Best ITQB PhD Thesis 2012

Oeiras, 02.07.2013

Magda Atilano and Cláudia Queiroga, former ITQB PhD students, were awarded ex aequo with the Best PhD Thesis Prize 2012. The award ceremony will take place on the 5th of July, during the celebration of the ITQB Day.

For her PhD, Magda Atilano worked at the Bacterial Cell Surfaces and Pathogenesis Lab under the supervision of Sérgio Filipe. Her thesis, entitled “Bacterial peptidoglycan biosynthesis and recognition by the innate immune system”, focused on specific bacterial cell wall components and their role in the infection process. The PhD thesis public discussion took place in June 2012. Magda is now a pos-doctoral EMBO Fellow at Oxford University.

Cláudia Queiroga developed her research at the Animal Cell Technology Unit under the supervision of Helena Vieira and Paula Alves. Her work aimed to evaluate the protective role of carbon monoxide in ischemic brain stroke. The thesis, entitled "Disclosing Carbon Monoxide Protection in Cerebral Ischemia: Insights into the cellular mechanisms" was publicly presented in December 2012. After obtaining her PhD, Cláudia Queiroga moved to Centro de Doenças Crónicas (CEDOC) from the medical faculty of Universidade NOVA for her post-doc.

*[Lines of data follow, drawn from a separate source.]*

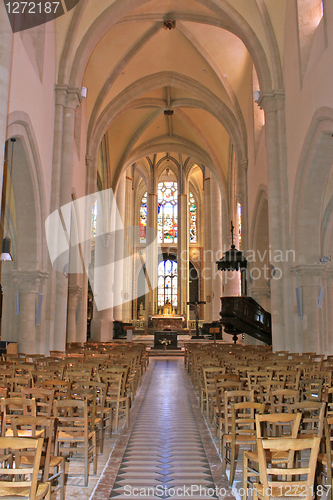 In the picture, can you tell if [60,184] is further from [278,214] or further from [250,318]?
[250,318]

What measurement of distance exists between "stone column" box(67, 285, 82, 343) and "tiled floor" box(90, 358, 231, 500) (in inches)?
349

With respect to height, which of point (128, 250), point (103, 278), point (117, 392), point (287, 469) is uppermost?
point (128, 250)

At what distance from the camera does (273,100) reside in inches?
553

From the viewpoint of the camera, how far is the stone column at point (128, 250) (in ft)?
115

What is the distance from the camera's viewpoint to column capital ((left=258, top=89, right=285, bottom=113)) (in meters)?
13.9

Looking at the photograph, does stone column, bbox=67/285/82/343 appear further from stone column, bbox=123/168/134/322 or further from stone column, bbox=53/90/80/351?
stone column, bbox=123/168/134/322

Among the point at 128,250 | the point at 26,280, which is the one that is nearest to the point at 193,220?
the point at 128,250

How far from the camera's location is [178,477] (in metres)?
4.47

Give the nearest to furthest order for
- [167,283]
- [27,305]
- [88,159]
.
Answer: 1. [27,305]
2. [88,159]
3. [167,283]

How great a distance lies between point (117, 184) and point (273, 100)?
1399 cm

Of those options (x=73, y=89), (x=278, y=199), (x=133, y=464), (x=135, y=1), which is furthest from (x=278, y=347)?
(x=135, y=1)

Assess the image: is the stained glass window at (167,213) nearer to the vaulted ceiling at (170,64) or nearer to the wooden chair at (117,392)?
the vaulted ceiling at (170,64)

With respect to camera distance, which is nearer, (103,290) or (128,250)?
(103,290)

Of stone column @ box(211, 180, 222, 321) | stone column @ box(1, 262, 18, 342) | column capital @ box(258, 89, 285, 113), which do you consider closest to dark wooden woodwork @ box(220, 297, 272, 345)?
column capital @ box(258, 89, 285, 113) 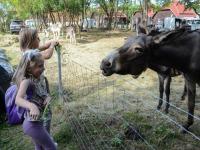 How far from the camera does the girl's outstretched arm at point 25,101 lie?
346 cm

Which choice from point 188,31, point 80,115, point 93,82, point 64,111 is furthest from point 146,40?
point 93,82

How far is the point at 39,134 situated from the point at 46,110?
32cm

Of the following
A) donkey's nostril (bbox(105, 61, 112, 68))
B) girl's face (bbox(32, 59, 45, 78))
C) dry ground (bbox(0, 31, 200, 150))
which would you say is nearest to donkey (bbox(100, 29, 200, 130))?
donkey's nostril (bbox(105, 61, 112, 68))

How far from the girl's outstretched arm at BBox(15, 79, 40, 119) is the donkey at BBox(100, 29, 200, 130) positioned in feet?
3.44

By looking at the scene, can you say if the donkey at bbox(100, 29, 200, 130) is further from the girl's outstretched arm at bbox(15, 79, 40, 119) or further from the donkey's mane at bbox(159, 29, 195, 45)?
the girl's outstretched arm at bbox(15, 79, 40, 119)

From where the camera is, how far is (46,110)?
409 centimetres

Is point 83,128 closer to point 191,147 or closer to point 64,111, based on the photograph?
point 64,111

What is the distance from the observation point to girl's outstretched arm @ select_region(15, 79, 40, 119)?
11.4 ft

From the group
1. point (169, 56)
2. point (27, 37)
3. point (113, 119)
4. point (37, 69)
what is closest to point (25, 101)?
point (37, 69)

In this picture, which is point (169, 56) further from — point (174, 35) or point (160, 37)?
point (160, 37)

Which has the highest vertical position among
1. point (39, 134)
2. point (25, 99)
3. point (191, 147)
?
point (25, 99)

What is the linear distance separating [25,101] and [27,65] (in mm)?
406

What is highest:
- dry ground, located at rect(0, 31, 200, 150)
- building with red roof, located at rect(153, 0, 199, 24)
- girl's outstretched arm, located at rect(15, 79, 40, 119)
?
building with red roof, located at rect(153, 0, 199, 24)

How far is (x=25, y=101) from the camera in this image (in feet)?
11.6
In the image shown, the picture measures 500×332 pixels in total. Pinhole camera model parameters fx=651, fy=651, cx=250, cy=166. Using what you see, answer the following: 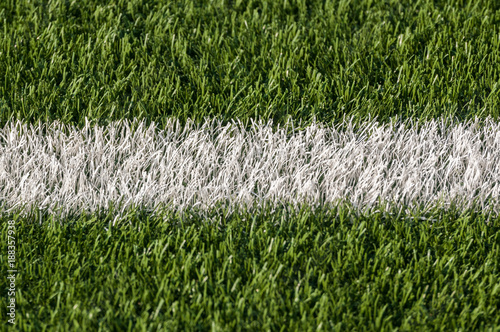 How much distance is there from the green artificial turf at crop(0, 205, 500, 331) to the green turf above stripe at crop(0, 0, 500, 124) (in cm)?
71

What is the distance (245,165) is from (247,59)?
0.84 m

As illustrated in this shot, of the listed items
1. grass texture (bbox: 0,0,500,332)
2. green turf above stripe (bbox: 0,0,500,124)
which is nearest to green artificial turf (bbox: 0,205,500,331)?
grass texture (bbox: 0,0,500,332)

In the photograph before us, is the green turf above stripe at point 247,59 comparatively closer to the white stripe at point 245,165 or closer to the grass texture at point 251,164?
the grass texture at point 251,164

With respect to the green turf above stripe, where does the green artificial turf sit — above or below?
below

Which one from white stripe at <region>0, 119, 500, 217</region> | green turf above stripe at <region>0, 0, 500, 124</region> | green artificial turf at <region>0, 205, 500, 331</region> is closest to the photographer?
green artificial turf at <region>0, 205, 500, 331</region>

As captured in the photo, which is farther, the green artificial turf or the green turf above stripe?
the green turf above stripe

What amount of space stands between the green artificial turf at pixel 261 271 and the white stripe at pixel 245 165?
102 millimetres

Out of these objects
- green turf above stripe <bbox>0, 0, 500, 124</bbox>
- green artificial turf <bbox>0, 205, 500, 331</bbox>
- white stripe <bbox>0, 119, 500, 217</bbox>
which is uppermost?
green turf above stripe <bbox>0, 0, 500, 124</bbox>

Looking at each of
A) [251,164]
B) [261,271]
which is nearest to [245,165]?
[251,164]

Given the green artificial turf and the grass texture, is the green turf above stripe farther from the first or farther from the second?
the green artificial turf

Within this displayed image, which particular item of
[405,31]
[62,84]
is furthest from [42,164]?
[405,31]

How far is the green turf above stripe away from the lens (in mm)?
3146

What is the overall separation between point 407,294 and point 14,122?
1.95 metres

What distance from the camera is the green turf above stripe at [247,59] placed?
3.15m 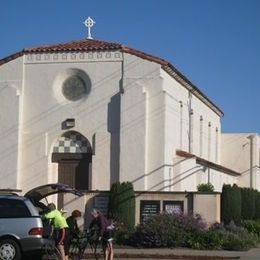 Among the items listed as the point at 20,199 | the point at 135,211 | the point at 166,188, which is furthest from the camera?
the point at 166,188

The award, established in 2009, aims to recognize the best PhD thesis presented at ITQB each year. The prize money of 2,000 euros is funded by Fundação Jacqueline Dias de Sousa. The selection panel includes Carlos Bandeira Duarte from Universidade de Coimbra, Mário Nuno Berberan e Santos from Universidade Técnica de Lisboa and is chaired by Cândido Pinto Ricardo from ITQB.

Summary of Magada Atilano’s PhD Thesis

Peptidoglycan (PG) is an enormous macromolecule that is specific to prokaryotes. PG enables bacteria to withstand physical stress from external forces or internal pressures. In Gram-positive bacteria, PG serves as the scaffold on which the external surface of the bacterium is assembled. PG is often regarded as a static structure when in fact it is a dynamic and highly regulated biopolymer that is continuously remodeled to allow bacterial cell growth and division. The thick PG layer of Gram-positive bacteria consists of glycan chains crosslinked by short peptides and is further modified by the presence of anionic polymers, such as teichoic acids, by the addition or removal of either N- or O- linked acetyl groups and by modulation of the degree of crosslinking between glycan chains. The pathogenic bacteria Staphyloccocus aureus has a highly modified PG. Modifications of PG confer resistance to cell wall hydrolases and could also represent a mechanism by which bacteria can counter the host immune system. During my PhD I showed that wall teichoic acids in Staphylococcus aureus, are important cell wall components involved in production of highly cross-linked peptidoglycan and in limiting the access of the PGRP-SA innate immune receptor to peptidoglycan. In addition, I revealed that wall teichoic acids are required for bacteria to establish an infection and ultimately kill the host.

Summary of Cláudia Queiroga’s PhD Thesis

Blood interruption (hypoxia-ischemia) in the brain can cause severe damage, in particular in the neonatal population, representing 23% of neonatal death worldwide. Although progresses have been made, the therapies are still limited. Carbon monoxide (CO) is known as toxic, however this is a molecule daily produced in the human body (14 mL/day) and several works have proven that in low doses it can exert protective effects. In the brain, CO effects are not totally understood. The aim of this PhD was to evaluate the role of CO in the pathological model of cerebral ischemia. Moreover, we studied how CO can protect the brain cells, disclosing important steps and players in the protective pathway. Using different models to mimick the brain and taken altogether the main results obtained, we can conclude that CO pre-treatment activates players within the cell leading to an increase on cell survival, by reinforcing cellular respiration (oxidative phosphorylation), cellular communication and impairment of, at least, one cell death pathways. In conclusion, low doses of CO are beneficial in the protection against hypoxic-ischemic damage in the brain.